16 Mayıs 2013 Perşembe

Paranoyak mıyım neyim?


Paranoya, aşırı endişe veya korkuyla karakterize edilen, sıkça mantıksız kuruntularla bilinen bir rahatsızlıktır. Kelime Yunanca'da, "παράνοια" (paranous) "düpedüz delilik" anlamına gelir (para = dışarda; nous = akıl, aklını kaçırma) ve terim geçmişte kuruntu, delirme durumlarını ifade etmek için kullanılmıştır. Wikipedia' dan aldım bu tanımı. Aslında her anne biraz paranoyak değil midir?. İşte bu kuruntuları mı kendimce gidermek için kullandığım bir kaç güvenlik önlemi.

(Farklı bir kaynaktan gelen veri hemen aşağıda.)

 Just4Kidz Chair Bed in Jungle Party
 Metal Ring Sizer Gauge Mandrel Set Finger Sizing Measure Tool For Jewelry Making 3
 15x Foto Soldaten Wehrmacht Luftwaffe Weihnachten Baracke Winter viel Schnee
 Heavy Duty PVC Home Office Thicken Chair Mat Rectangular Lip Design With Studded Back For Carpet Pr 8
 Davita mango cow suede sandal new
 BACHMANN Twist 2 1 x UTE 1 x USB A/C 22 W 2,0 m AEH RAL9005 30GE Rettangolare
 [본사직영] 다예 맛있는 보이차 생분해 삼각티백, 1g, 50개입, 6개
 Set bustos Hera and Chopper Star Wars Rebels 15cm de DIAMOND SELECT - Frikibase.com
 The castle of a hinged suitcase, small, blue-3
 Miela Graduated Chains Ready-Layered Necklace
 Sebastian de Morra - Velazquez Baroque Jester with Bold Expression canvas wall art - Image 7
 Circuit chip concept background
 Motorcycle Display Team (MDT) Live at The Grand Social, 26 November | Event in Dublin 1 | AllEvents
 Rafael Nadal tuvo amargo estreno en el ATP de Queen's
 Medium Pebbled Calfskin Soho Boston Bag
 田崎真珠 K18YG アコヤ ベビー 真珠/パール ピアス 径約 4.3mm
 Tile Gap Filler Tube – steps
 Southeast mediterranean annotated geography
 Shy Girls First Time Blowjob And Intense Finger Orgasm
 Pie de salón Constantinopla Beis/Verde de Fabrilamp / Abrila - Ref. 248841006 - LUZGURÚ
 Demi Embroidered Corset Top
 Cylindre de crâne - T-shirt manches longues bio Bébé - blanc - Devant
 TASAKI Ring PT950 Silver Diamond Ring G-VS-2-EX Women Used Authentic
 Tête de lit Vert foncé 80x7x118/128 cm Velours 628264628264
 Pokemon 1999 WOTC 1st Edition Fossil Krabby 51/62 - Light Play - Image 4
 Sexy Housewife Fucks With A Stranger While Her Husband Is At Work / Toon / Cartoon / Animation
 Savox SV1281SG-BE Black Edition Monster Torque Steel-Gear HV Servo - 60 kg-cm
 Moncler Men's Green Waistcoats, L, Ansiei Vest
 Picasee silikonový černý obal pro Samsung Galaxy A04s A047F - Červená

- 4 yaşımdayken başladığım anaokulumun kocaman (4 yaş gözüyle) bir bahçesi vardı. Arabamız olmadığı için beni genelde aynı okulda okuyan ve benden 2 yaş büyük oğlu olan annemin arkadaşı arabayla alırdı. Annem beni şöyle tembihlerdi "eğer o gelemezse benim gelmem uzun sürebilir sen sakın hiç kimseyle hiç bir yere gitme. Ama eğer ben gelemezsem sana göndereceğim kişiye senin evdeki adını söylerim. Eğer bu isimle seni çağırırsa o kişiyle gidebilirsin" derdi. Yani aramızda bir parola vardı. Artık büyüdüğüme göre parolamızı cümle aleme duyurabilirim. Benim evdeki adım "Nöttefa"'ydı. Yok... hiç bir anlamı yok. Muhtemel fransızca bir şarkıda duyduğum sözü uydurarak söylemiştim :) Kızıma da parola öğretiyorum. Evet ben bir deliyim :) 

- Eğer çok kalabalık bir parka gideceksek (Kuğulu park) parlak renkli giysiler giydirip saçına da fosforlu tokalar takıyorum. Gözümün önünden kaybolurlarsa kolayca görebilmek için. Parklarda ufaklık bir yana, büyük bir yana kaçıyor. Onca çocuk arasında bulmak zor olabiliyor. 

- Eskişehir yolunda ortalama hızla giderken trafik birden yavaşlarsa arkamdaki arabanın çarpması ihtimaline karşı  hemen dörtlülerimi yakıyorum. Çünkü ben de sabit hızla giderken trafiğin yavaşladığını son anda fark edebiliyorum.